The pic of the commish and those two players in A-stan is pretty powerful. Says a lot.


----------



## Poetic_Mind (Jul 14, 2008)

Tillman was definitely a patriot! RIP! HE should set an example for others. He didn't join the military for action or money... He joined out of love for his country.
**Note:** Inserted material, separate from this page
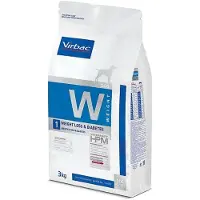 Virbac Veterinary HPM Dietetic Dog - Weight Loss & Diabetes 3 kg
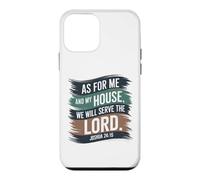Joshua 24:15 - As For Me & My House Scripture Case for iPhone 12 mini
It's ashamed that he died from friendly fire....


----------



## 8'Duece (Jul 14, 2008)

ROS said:


> Can you imagine, as a rookie, signing a football contract just to see that uniform and have it hit you that football isn't shit in the big picture?



SPOT ON !!:cool:;)


----------



## rv808 (Jul 15, 2008)

Simmerin' SigO said:


> Jake Long's dad (Howie) is a pretty avid supporter of the military.  My guess is that, if young Jake didn't determine the depth of his good fortune, his dad helped him to understand. :2c:



Actually his son is Chris Long, the #2 over pick by the Rams.


----------



## Simmerin' SigO (Jul 15, 2008)

rv808 said:


> Actually his son is Chris Long, the #2 over pick by the Rams.



Feh!  All them foos-ball players be lookin' the same to me!  :doh:

Thanks for the correction.


----------



## Viper1 (Jul 15, 2008)

There is a USMA graduate who recently signed with the NFL and will be playing instead of doing line time in his branch. Not sure how I feel about that yet. The guy's got talent I'm sure. But there is something of an obligation conflict y'know.


----------